Vilsack is facing a revolt from the group that he should consider he staple. Farmer are upset over the administration’s pushing of a capital gains tax, which critics say will would make it very hard for children to inherit farms from their parents. Collin C. Peterson, former Democratic chairman of the House Agriculture Committee wrote:

“I would argue this transfer tax, which could be as high as 43.4%, is the worst idea that has been proposed in terms of its impact on agriculture in my lifetime.”

Vilsack is panned by many others.

Claire Kelloway, writing for The Interceptcalled Biden’s choice of Vilsack for the USDA job a symbol of “everything that’s wrong with the Democratic Party.”

She singled out Vilsack’s “pro-corporate policies,” which she says help “drive rural communities away from the Democratic Party.”

Critics who argue Vilsack took credit for addressing historic USDA racism while doing little or nothing to address claims of racist practices by the agency during his time in the Obama administration—including some inside the agency—call Biden’s choice to return Vilsack to the USDA a slap in the face. In other words, Vilsack is the prototypical Democrat: promise Black people everything, deliver nothing.

Gina Raimondo, Secy of Commerce

Another bad choice by Biden is his Secretary of Commercy, Gina Raimondo. She argued ignorantly that companies needed to be taxed more in order to compete globally. “If American business is going to compete, we need these investments,” she said. “And then the question is, how do you pay for them. I don’t know any business leader who thinks that it would be responsible of the president to operate this government as if he had a blank check.”

Common Dreams wrote,

“Raimondo’s loathing of the needy and love of financial power is exactly the behavior Democrats have spent four years rightly decrying in Trump Treasury Secretary Steven Mnuchin,” the Revolving Door Project states on its No Corporate Cabinet website.

Julie Su; Acting Secy of Labor; Marty Walsh left in Mar ’23 to become ED the NHL

Walsh presided over a slow jobs recovery; there are still nearly 3 million fewer jobs today than before the pandemic. His response to the biggest labor shortage in modern history is to support policies that would exacerbate it, including the Labor Department’s employer vaccine mandate that the Supreme Court recently stopped in response to a legal challenge by Job Creators Network and other groups. He supports the renomination of former Labor Department apparatchik David Weil, one of the most anti-small business bureaucrats in American history, who’s waged war on independent contractors, gig workers, and franchises.

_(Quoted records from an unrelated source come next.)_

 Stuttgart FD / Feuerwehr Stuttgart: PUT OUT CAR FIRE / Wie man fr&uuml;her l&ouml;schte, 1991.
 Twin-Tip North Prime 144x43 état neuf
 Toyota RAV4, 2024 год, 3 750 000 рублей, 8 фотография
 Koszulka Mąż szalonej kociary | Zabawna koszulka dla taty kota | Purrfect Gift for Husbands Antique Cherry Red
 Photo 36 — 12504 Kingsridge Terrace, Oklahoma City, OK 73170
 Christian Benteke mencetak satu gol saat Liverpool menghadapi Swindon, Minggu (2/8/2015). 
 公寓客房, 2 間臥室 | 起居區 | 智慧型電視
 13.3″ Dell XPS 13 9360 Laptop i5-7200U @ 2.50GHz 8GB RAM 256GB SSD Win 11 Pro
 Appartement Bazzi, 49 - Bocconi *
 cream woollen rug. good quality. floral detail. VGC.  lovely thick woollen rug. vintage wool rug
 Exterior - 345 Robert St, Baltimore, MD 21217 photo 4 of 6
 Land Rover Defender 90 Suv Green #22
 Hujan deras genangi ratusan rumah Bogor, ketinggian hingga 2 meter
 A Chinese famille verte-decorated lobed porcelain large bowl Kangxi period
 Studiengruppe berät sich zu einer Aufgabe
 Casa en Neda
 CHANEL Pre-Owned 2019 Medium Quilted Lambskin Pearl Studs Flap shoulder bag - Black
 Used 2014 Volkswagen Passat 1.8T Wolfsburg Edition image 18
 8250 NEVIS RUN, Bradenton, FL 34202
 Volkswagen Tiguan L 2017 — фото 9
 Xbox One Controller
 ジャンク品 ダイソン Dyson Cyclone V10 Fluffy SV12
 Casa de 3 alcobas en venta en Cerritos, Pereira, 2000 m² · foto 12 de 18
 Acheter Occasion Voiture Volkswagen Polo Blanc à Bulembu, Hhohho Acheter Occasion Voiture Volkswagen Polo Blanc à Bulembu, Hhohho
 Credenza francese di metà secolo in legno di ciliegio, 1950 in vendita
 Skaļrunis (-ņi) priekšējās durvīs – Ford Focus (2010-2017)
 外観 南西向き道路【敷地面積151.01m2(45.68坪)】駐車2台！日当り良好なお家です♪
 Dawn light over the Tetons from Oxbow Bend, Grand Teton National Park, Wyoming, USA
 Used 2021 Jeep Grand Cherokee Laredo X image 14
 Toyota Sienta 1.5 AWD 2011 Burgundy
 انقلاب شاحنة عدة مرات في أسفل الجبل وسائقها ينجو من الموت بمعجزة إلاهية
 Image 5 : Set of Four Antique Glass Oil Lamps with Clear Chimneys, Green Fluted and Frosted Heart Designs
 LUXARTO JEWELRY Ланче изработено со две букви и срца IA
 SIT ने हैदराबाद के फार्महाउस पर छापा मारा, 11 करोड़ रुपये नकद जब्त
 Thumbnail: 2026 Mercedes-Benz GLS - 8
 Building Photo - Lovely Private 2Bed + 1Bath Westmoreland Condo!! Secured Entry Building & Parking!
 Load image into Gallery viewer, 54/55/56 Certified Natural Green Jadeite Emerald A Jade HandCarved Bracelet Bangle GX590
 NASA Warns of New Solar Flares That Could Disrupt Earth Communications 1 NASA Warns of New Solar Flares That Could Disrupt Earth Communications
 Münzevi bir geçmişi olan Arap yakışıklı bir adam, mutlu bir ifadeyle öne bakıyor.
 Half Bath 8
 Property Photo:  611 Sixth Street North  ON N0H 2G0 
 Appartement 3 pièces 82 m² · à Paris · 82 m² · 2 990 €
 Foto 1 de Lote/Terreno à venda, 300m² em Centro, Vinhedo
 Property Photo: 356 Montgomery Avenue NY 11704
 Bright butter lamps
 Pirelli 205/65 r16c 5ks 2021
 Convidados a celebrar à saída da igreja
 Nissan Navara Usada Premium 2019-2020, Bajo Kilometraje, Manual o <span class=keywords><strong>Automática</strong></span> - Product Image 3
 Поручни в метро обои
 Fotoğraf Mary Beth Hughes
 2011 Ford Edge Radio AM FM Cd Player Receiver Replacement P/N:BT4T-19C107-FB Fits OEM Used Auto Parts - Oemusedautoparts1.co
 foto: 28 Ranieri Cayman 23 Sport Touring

Here’s what has been written about Walsh by the Left:

“Where’s Walsh?” is a common refrain on Capitol Hill. Before the CHIPS bill cleared the House in July there was some back and forth over whether a pot of apprenticeship money would go to the Commerce Department or to the Labor Department. “We kept saying, you gonna get to the table?” a former House staffer told me. Walsh, this person said, was “absolutely invisible.” The money went to the Commerce Department. While the Build Back Better bill was still in play, there was some back and forth over whether a different pot of apprenticeship money would go to the Education Department or the Labor Department. It went to the Education Department. “When the chance was there to stick up for his agency,” recalled the former House staffer, “I’m like, really? OK?”